Clarification of Hopcroft's proof that "deciding whether a program halts on all inputs" is not R.E

$DoesNotHaltOn\_w=\{(M, w) : M$ does not halt on input w$\}$
$AlwaysHalt =\{ M : M$ halts on all inputs x $\}$

Hopcroft gives the following proof that $AlwaysHalt$ is not R.E.

1) Given an input x of length n, $M'$ simulates $M$ on w for n steps.
2) If during that time $M$ halts then $M'$ loops and $M'$ does not halt on its own input x.
3) However if $M$ does not halt on w after n steps then $M'$ halts.
4) Thus $M'$ halts if and only if $M$ does not halt on w.
5) Since the problem of telling whether $M$ does not halt on w is not R.E., it follows that whether a given TM halts on all inputs must not be R.E. either.

I don't understand why in (1) the number of steps to simulate needs to be dependent on the length of the input x.

I don't understand how step 3 implies step 4. I don't see how knowing that $M$ does not halt on w after n steps (or less) allows us to conclude that $M$ will not halt on w after more than n steps.

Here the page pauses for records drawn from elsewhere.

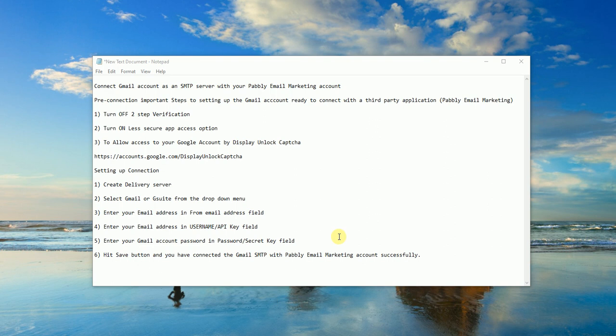Hi guys, this is Adil from Pably and I'll be presenting how you can connect a Gmail account as an SMTP server with your Pably email marketing account. There are a few pre-connection important steps to set up the Gmail account ready to connect with a third-party application including Pably email marketing. If you do not follow these three steps you won't be able to connect the Gmail account.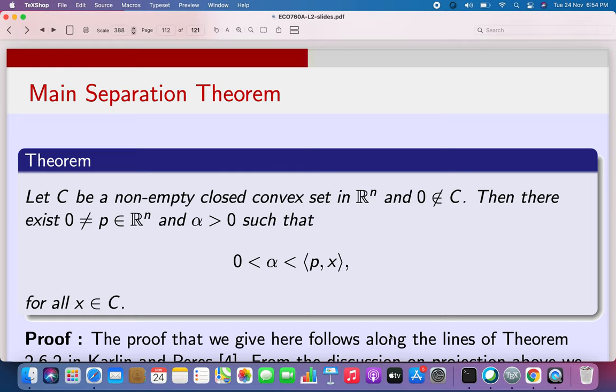Separation theorems are unique to convex sets. So if you take two convex sets which are non-empty and they don't intersect each other, then I can always have a hyperplane which separates these two — meaning one of the convex sets is in the upper half space and the other is in the lower half space. Both of them cannot be in the same half space because a hyperplane will create two half spaces.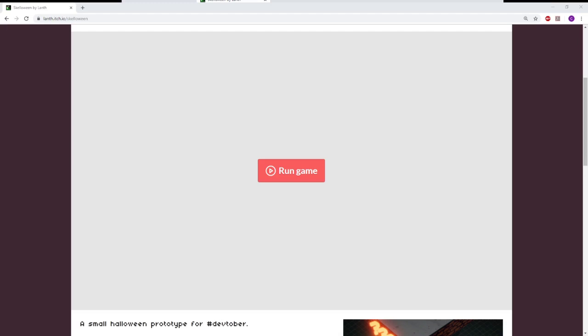Hi guys, welcome back to another Itch.io free-to-play walkthrough. Today we have Skelloween, in case your Halloween hasn't ended yet and you're just wanting to celebrate it a little bit longer.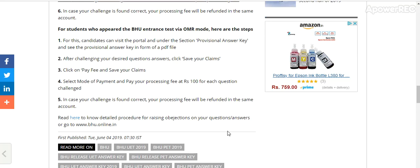Thank you. For raising an objection on your question and answer, go to bhuonline.in. The link is provided in the description. Thank you very much.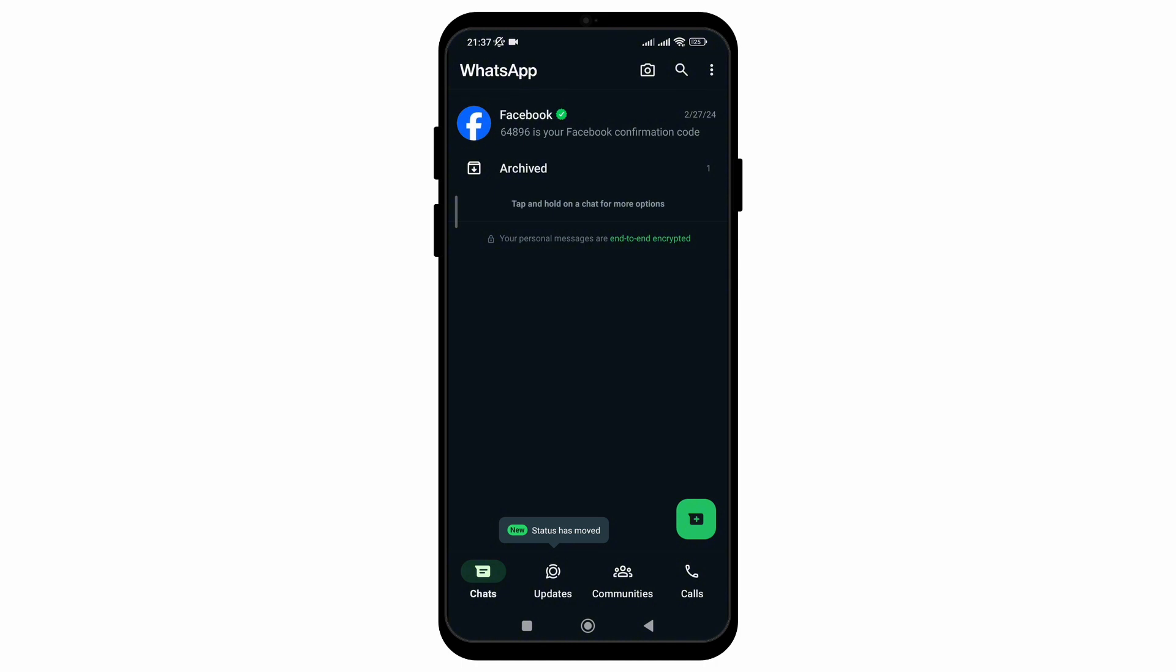how easily you can remove archive chats from the top of your WhatsApp. So I hope you found this video helpful. If you did don't forget to give it a thumbs up and subscribe to our channel for such tutorials. Thank you for watching till the end.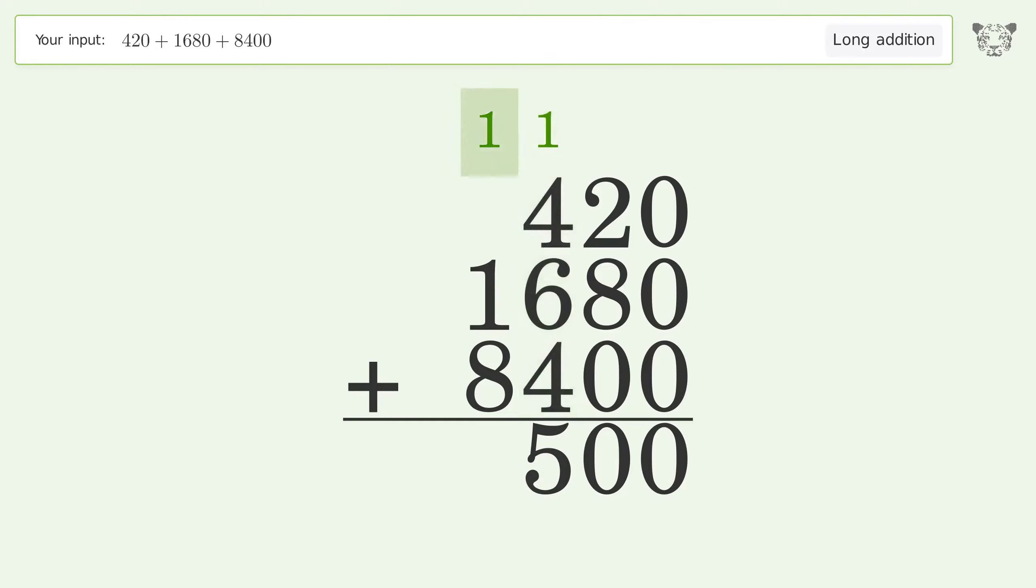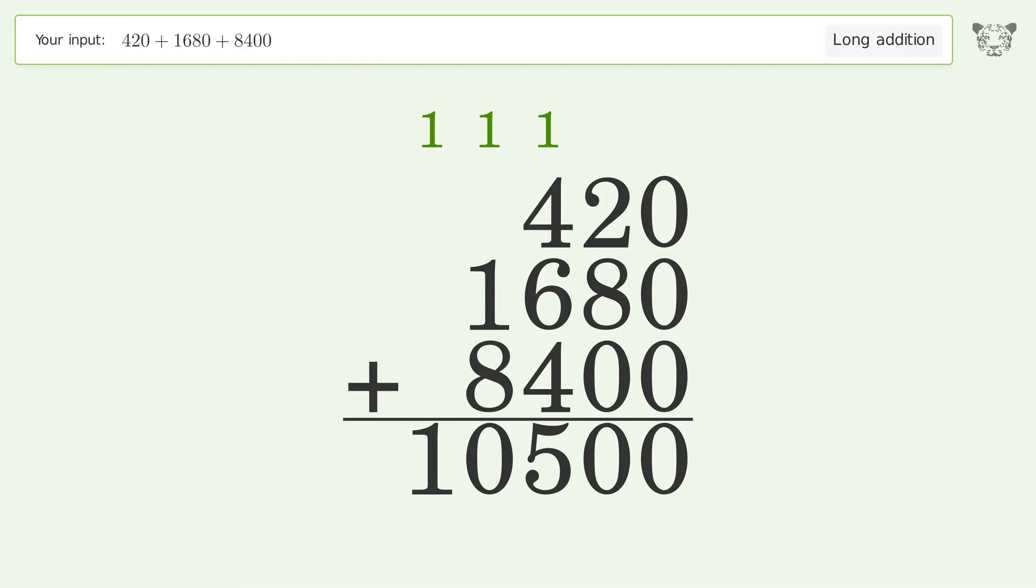1 plus 1 plus 8 equals 10. Carry 1 to the ten thousands place. Write 1 in the ten thousands place, and so the final result is 10,500.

Could someone clarify? Thanks.

$M'$ doesn't "need" to do anything. $M'$ is a machine that we construct for purposes of the proof. Hopcroft wrote the theorem, so he can design $M'$ however he wanted -- of course, then it's his obligation to show how his choice of machine helps him prove the theorem. He chose $M'$ cleverly in a way that helps make the proof easy, but that was his choice.
So, it was his choice to make the $M'$ simulate $M$ for only $n$ steps. He could have chosen something else, but this particular choice makes the proof work out nicely. In particular, this property of $M'$ is useful for showing that statement 4 is true. (Exercise: try proving that statement 4 is true, and check where you used the fact that $M'$ will only simulate $M$ for $n$ steps, not more.)